For our vision processing this year, we are using a Raspberry PI model 3B, running raspbian.

Getting Started

https://github.com/LN-STEMpunks/WOPR-JR-Vision

All you need is a raspberry pi (any model) with any debian-based OS (and possibly redhat/fedora see install.sh) and then clone the repo:

git clone https://github.com/LN-STEMpunks/WOPR-JR-Vision

Go into that directory:

cd WOPR-JR-Vision

Now, install the needed packages:

./install.sh

You should be ready to go!

For our default config, run:

python src/grip.py --show

We use lab.conf to define specific ranges of colors which represents the tape when lit up.

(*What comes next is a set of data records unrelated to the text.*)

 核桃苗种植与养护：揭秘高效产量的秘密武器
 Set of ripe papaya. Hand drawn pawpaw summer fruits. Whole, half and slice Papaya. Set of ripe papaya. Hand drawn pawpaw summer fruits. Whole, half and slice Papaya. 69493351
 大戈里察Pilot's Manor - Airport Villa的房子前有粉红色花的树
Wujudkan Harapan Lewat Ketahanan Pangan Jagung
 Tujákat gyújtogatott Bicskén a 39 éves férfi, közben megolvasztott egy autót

Then, we filter contours we find using a fitness function (roughly like this), which is the angle at which the contours are on a line plus the ratio between the areas of the contours, plus the difference in area of the contours, plus the distance from the center Y line.

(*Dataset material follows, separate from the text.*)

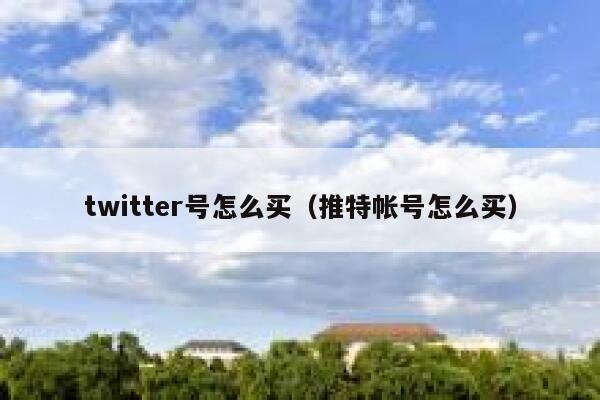 twitter号怎么买(推特帐号怎么买) 第1张 twitter号怎么买(推特帐号怎么买) 第1张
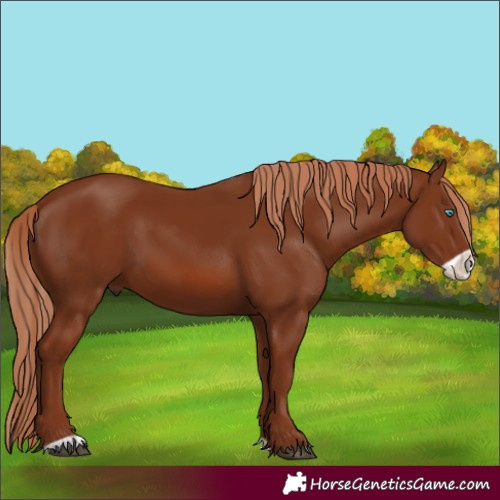 Horse Color:Chestnut Frame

The two points with the lowest score from this fitness function is assumed to be the contours that make up the gear peg.

This means the ones which minimize the functions are the ones that are:

  • Roughly in a flat line across the picture
  • Closest in area
  • Closest to the middle horizontal line

Then, we take their centers, average them, and predict the spring to be there (it is in the exact middle). From there, we light up some https://github.com/lnstempunks/WOPR-JR-Vision/blob/master/leds/main.ino to show if we are on target.

Through an analogous process, we will find the goal and publish it.